═══ SUPPLIED ENTRIES

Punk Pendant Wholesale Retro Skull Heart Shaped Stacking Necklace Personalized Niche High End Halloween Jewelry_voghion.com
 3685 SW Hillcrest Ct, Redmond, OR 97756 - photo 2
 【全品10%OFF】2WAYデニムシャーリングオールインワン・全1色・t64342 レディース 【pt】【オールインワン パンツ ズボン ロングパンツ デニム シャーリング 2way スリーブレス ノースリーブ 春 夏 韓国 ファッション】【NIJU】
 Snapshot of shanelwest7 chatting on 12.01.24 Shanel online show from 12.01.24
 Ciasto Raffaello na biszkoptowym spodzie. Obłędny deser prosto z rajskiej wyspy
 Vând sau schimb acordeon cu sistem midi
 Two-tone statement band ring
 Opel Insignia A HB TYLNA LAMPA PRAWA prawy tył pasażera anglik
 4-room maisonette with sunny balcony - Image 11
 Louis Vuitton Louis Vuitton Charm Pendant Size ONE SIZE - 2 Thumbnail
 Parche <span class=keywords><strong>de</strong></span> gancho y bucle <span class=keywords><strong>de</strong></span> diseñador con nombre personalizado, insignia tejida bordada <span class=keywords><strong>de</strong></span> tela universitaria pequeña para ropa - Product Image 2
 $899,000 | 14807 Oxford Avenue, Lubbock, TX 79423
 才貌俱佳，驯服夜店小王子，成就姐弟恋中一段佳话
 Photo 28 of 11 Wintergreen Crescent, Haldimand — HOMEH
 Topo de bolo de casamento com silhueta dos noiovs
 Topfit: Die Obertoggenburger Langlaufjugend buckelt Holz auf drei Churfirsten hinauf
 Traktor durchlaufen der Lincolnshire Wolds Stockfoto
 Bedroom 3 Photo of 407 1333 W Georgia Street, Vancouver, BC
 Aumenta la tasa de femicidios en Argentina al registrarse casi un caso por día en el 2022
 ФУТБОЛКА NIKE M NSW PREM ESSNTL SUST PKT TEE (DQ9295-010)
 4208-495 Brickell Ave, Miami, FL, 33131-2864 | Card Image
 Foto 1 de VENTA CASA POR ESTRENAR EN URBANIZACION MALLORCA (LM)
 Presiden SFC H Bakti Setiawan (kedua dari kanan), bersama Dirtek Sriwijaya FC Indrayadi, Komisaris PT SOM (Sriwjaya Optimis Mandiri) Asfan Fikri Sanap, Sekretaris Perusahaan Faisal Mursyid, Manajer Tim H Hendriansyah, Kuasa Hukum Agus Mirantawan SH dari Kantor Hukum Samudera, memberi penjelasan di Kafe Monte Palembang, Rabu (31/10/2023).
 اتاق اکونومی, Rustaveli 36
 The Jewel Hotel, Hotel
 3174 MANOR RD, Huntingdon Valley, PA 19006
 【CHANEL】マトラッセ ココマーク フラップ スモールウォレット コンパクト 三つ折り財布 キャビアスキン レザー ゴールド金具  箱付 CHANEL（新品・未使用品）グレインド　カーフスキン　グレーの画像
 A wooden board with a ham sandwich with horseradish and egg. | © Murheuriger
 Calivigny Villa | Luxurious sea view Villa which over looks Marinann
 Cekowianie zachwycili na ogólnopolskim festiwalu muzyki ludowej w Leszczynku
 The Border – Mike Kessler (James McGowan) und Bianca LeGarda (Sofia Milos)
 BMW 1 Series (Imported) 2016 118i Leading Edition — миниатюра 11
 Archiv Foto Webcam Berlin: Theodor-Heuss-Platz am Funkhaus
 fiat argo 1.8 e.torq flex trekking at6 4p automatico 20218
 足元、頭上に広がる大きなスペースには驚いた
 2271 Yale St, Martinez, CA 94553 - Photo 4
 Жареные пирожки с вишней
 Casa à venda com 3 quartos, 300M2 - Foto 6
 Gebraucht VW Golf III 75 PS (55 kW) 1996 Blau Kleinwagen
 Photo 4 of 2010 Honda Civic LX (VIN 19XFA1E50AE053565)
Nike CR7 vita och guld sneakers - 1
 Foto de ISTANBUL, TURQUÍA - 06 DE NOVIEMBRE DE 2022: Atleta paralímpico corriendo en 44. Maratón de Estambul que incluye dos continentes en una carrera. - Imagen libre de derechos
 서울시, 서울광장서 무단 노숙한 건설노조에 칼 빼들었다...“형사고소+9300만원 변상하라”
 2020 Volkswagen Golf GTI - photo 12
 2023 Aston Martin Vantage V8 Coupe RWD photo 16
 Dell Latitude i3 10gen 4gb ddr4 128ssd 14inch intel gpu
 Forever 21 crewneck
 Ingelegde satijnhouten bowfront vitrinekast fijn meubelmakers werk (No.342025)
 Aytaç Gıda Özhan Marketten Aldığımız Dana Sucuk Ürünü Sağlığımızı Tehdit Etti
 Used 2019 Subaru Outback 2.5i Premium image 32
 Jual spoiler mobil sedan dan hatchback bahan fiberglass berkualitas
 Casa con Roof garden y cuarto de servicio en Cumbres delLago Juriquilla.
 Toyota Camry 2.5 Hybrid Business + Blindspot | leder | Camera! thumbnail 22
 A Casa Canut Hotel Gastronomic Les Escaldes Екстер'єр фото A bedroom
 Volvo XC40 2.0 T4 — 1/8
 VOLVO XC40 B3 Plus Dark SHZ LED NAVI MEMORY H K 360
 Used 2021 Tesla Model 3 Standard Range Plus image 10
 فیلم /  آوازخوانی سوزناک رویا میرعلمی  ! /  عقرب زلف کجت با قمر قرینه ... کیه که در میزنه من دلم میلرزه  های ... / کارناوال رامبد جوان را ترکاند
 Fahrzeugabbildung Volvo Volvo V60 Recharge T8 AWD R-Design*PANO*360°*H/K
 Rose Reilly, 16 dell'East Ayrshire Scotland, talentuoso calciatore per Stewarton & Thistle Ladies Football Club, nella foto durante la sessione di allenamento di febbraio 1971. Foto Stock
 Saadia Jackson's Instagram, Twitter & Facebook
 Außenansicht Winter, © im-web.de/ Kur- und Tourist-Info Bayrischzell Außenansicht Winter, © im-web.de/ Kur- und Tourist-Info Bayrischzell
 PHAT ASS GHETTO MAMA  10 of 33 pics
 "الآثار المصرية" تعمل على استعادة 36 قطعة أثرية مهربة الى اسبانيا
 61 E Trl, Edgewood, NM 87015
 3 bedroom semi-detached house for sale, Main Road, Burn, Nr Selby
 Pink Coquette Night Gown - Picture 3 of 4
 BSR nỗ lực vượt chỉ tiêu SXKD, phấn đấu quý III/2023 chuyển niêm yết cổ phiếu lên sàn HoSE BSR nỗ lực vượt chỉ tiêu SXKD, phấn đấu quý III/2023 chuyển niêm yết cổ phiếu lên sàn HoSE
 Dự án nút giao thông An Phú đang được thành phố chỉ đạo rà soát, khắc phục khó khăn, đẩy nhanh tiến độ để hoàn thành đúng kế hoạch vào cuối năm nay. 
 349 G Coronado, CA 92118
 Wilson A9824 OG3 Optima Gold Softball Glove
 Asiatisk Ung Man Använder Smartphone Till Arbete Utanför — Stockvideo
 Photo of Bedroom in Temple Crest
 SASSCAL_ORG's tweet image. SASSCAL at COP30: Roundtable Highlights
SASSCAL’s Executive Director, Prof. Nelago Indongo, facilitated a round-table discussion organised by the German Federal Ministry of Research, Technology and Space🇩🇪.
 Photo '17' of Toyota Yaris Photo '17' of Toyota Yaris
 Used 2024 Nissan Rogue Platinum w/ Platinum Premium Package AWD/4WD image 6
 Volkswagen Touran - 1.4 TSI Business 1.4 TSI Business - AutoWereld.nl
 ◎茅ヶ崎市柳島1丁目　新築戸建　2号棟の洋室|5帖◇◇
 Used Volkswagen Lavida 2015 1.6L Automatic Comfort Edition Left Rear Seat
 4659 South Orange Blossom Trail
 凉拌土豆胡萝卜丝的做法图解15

══════

● WORK INSTRUCTION:
Only the lines containing "Plus" are needed; copy each of them from the data.

● RESULT:
 VOLVO XC40 B3 Plus Dark SHZ LED NAVI MEMORY H K 360
 Used 2021 Tesla Model 3 Standard Range Plus image 10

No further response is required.